# [What the task asks]
Every line from the one bearing "YSL-Style Quilted Shoulder/Clutch Bag" through the last line of the records below is to be output exactly, and no other line; leave out the pictures.

╭─ Exercise material

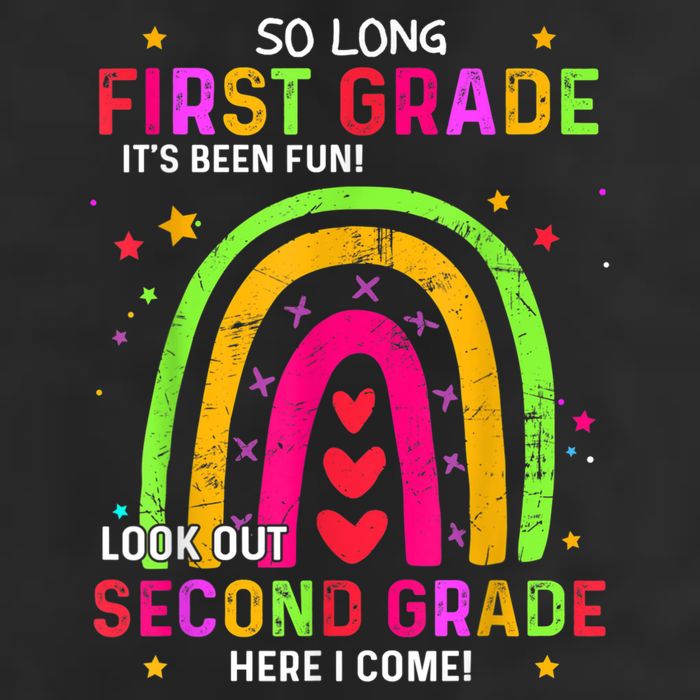 So Long 1st Grade Look Out 2nd Grade Funny Graduation Gifts 7 Panel Mesh Trucker Snapback Hat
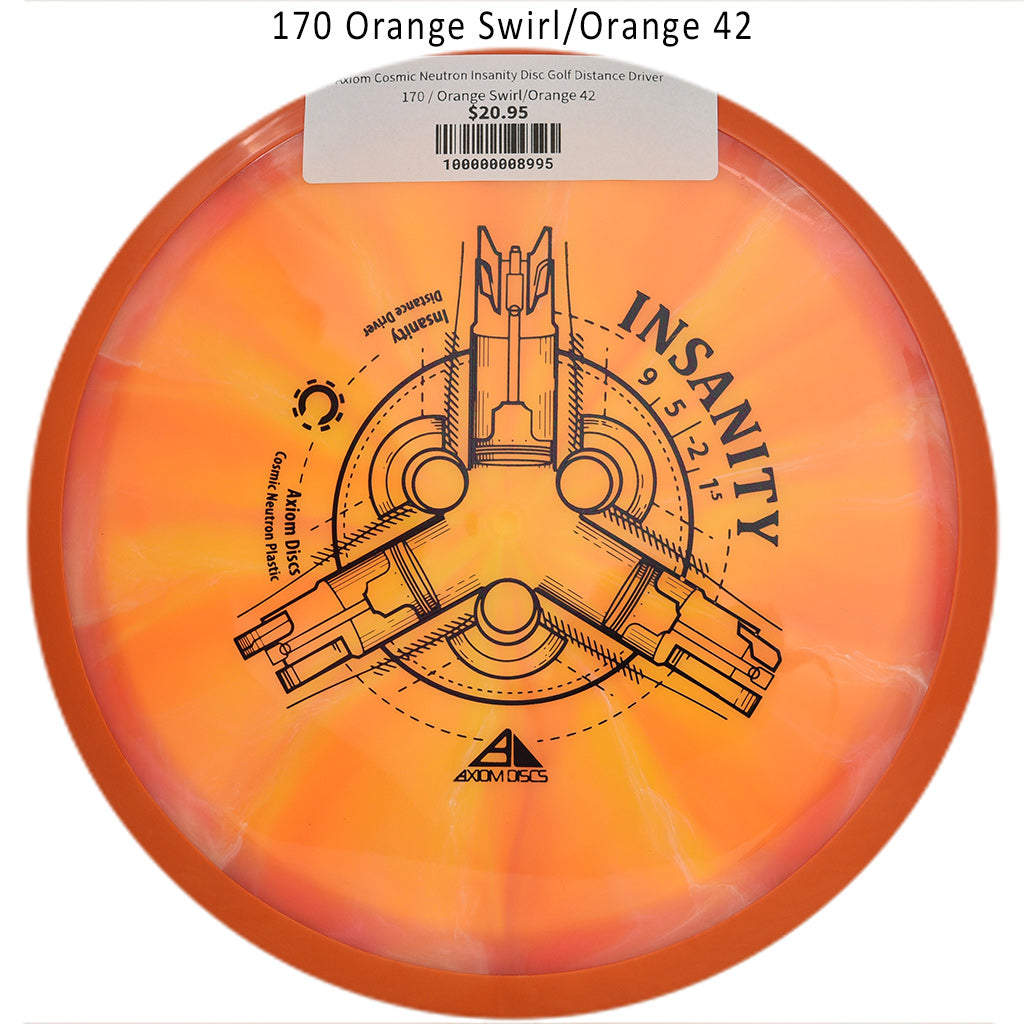 axiom-cosmic-neutron-insanity-disc-golf-distance-driver 170 Orange Swirl/Orange 42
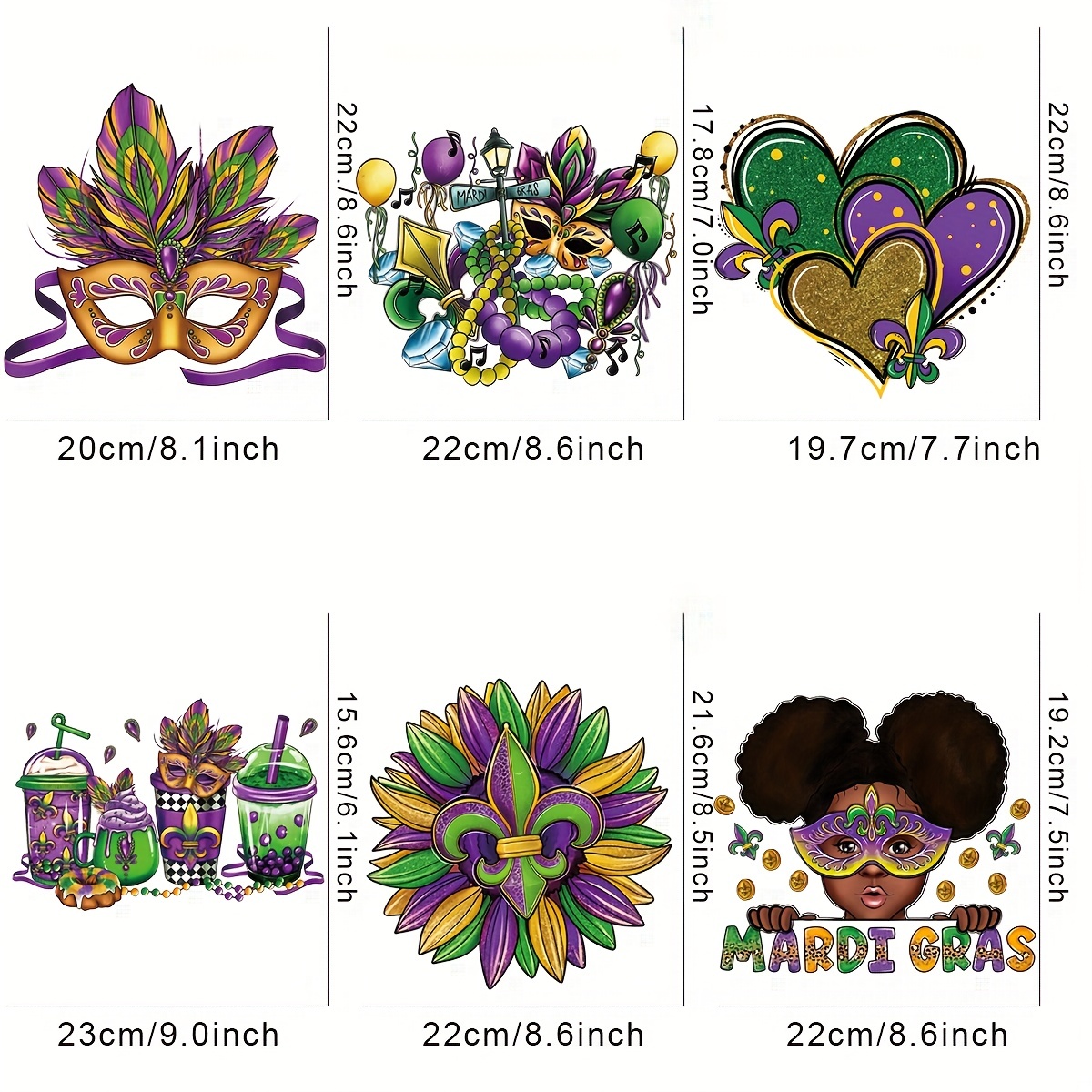 Mardi Gras Iron-On Transfer For Clothing Patches DIY Washable T-Shirts  Thermo Sticker Applique T8491
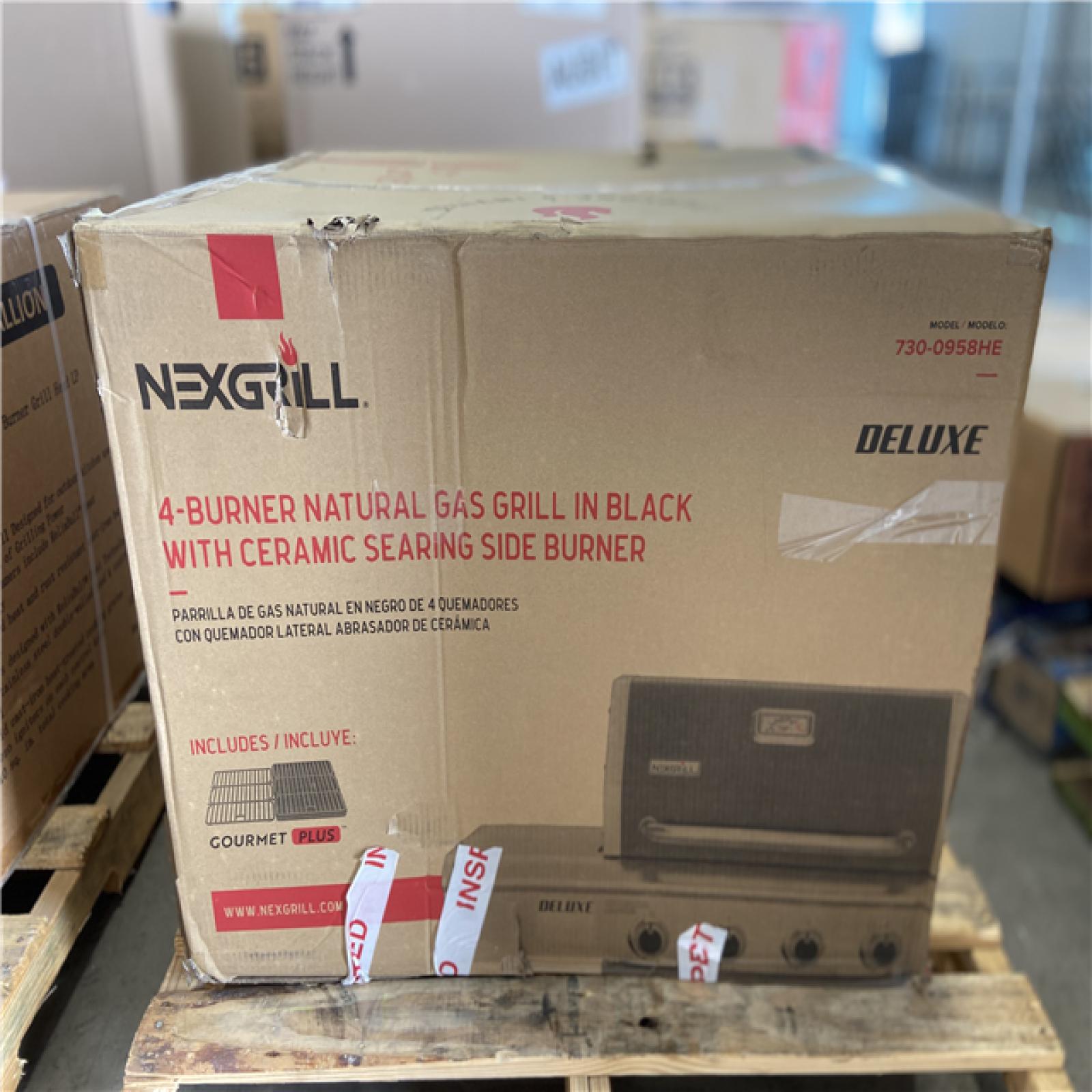 DALLAS LOCATION - Nexgrill Deluxe 4-Burner Natural Gas Grill in Black with Ceramic Searing Side Burner and Gourmet Plus Cooking System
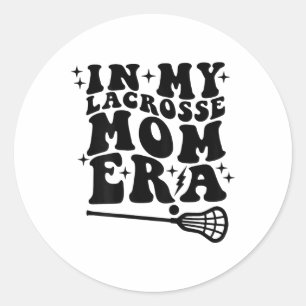 In meiner Lacrosse Mama Era Groovy Retro Mama Mütt Runder Aufkleber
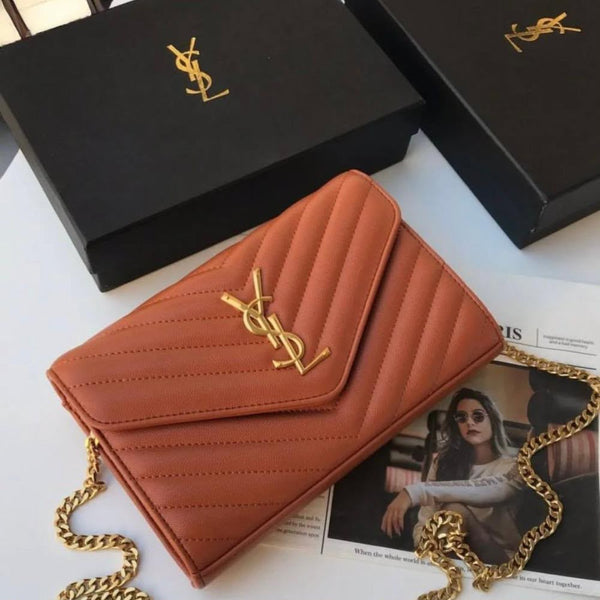 YSL-Style Quilted Shoulder/Clutch Bag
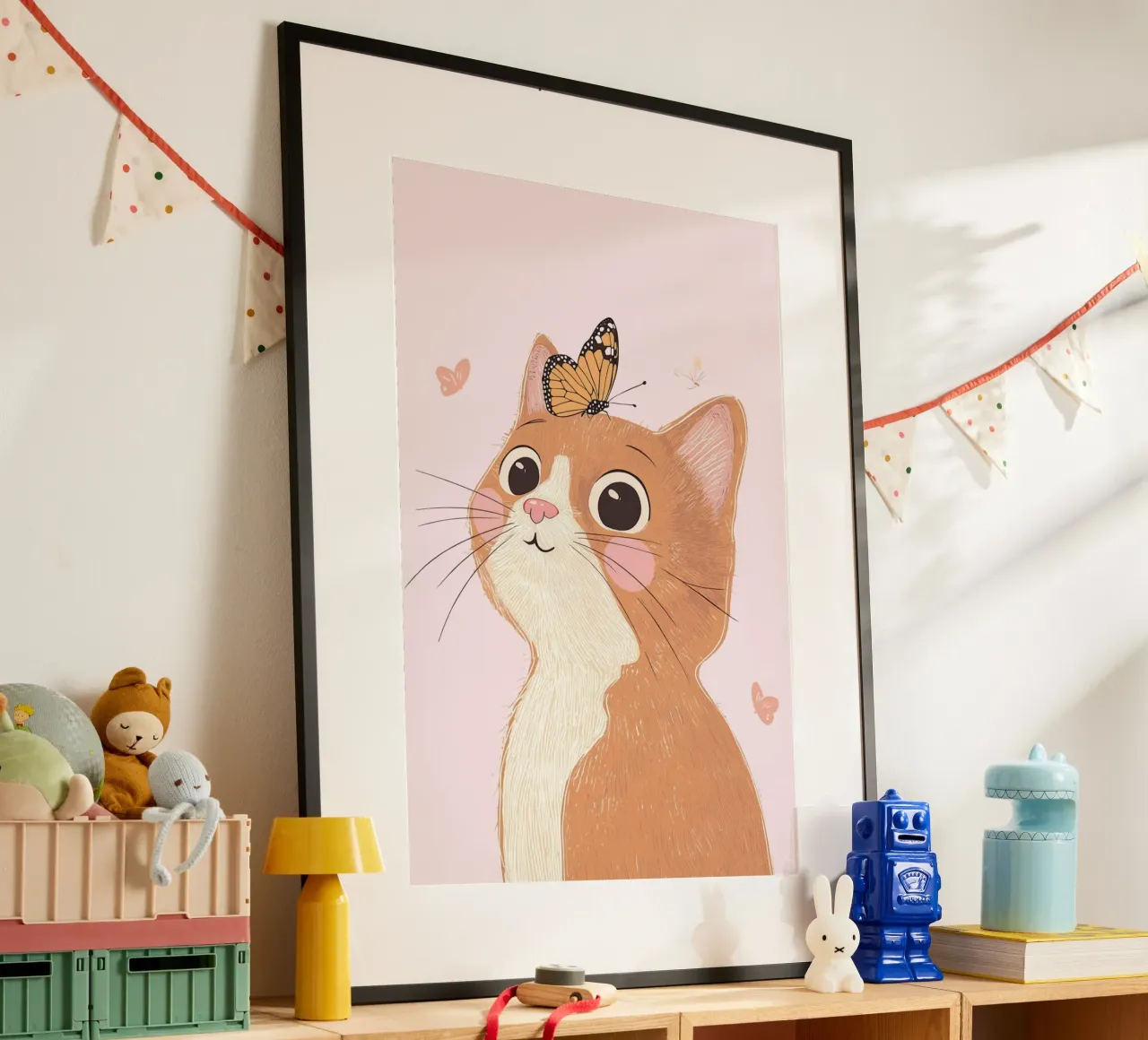 Cat Print, Boho Print, Whimsical Poster hahnemühle by Little Lola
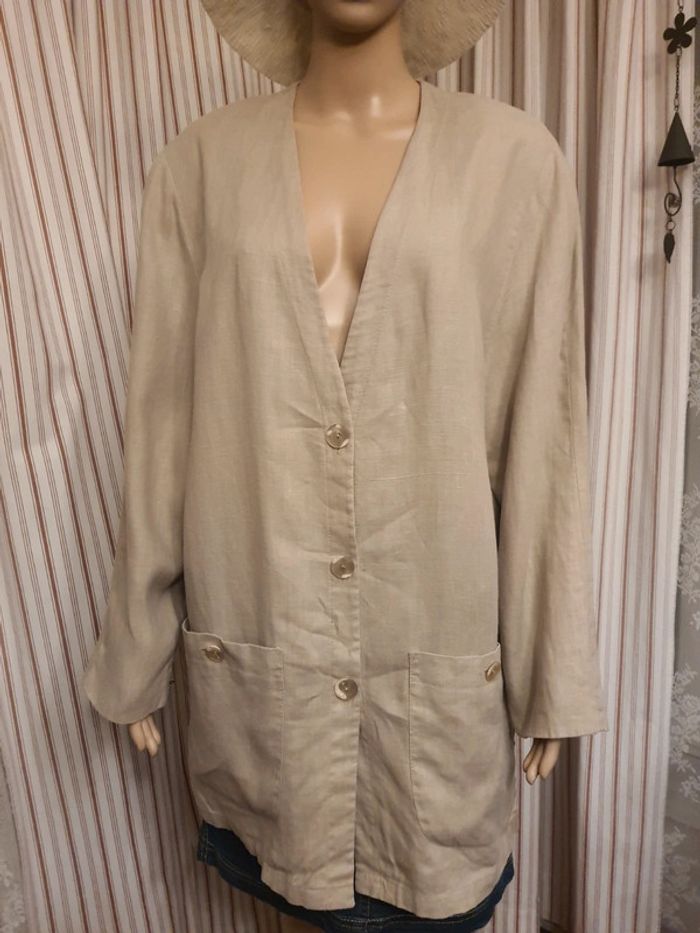 Pardessus beige Anny N 100% lin  fr/ be 46 - photo numéro 2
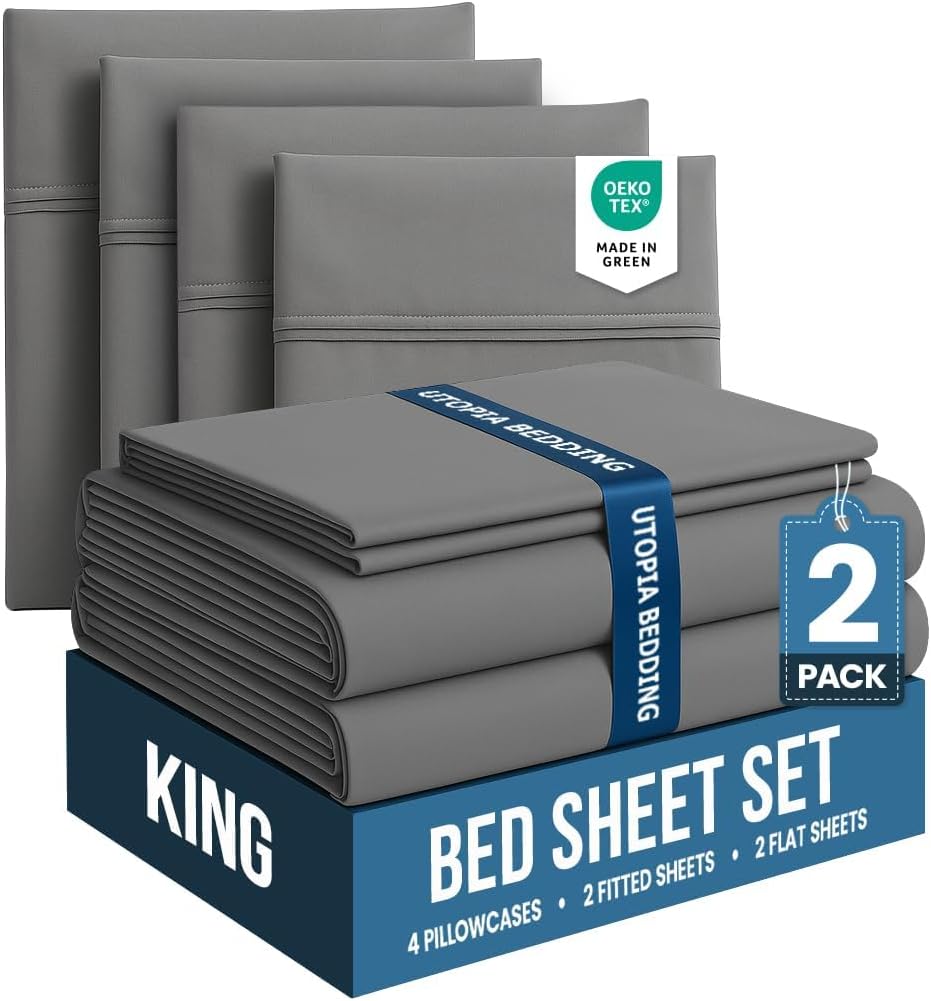 Utopia Bedding King Bed Sheets Set - Soft Brushed Microfiber | Fade & Shrinkage Resistant - Grey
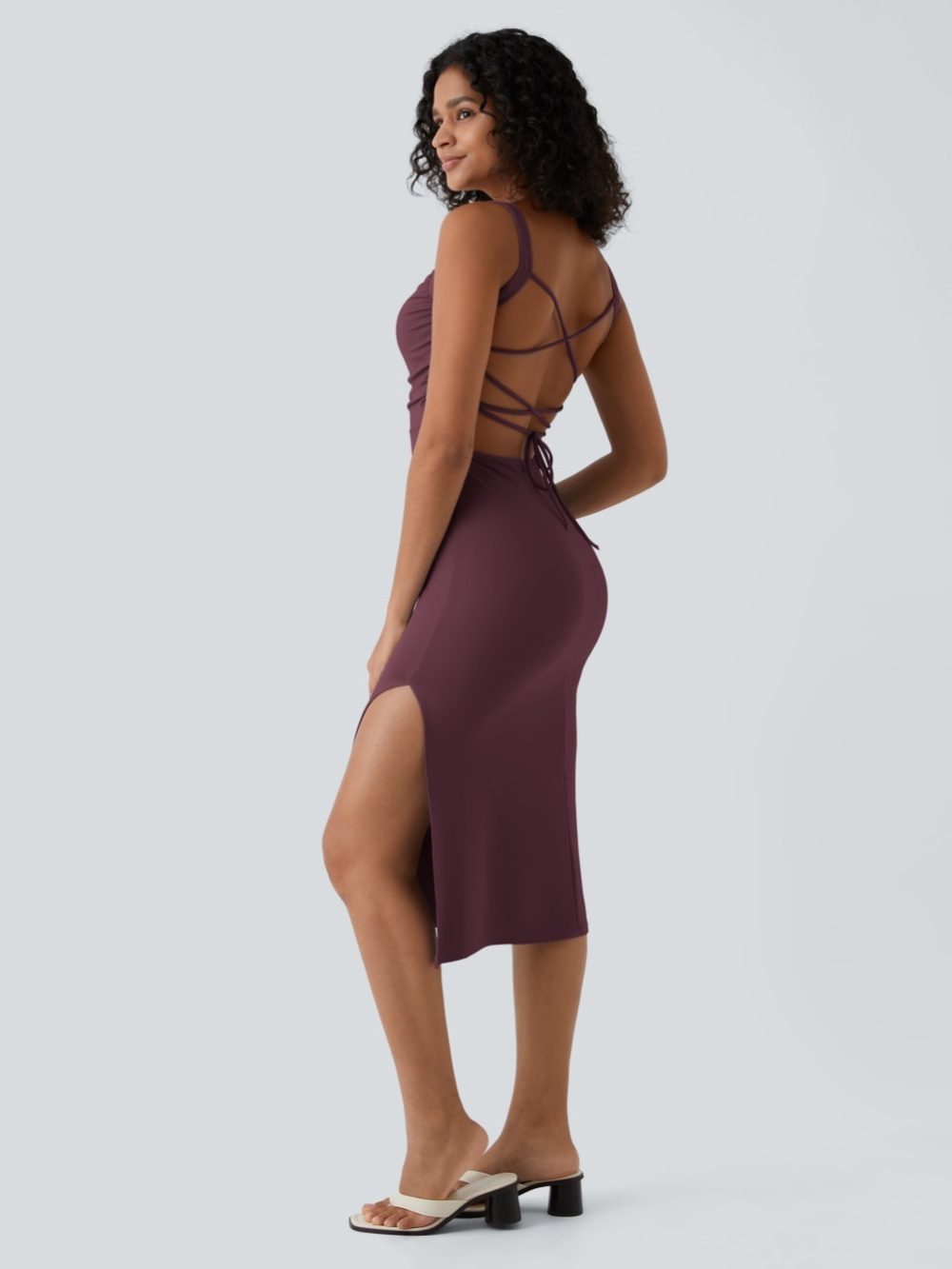 Halara SoftlyZero™ Airy Ruched Lace Up Bodycon Midi Casual Dress - Picture 2 of 5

╰─

# [Response to the task]
 YSL-Style Quilted Shoulder/Clutch Bag
 Cat Print, Boho Print, Whimsical Poster hahnemühle by Little Lola
 Pardessus beige Anny N 100% lin  fr/ be 46 - photo numéro 2
 Utopia Bedding King Bed Sheets Set - Soft Brushed Microfiber | Fade & Shrinkage Resistant - Grey
 Halara SoftlyZero™ Airy Ruched Lace Up Bodycon Midi Casual Dress - Picture 2 of 5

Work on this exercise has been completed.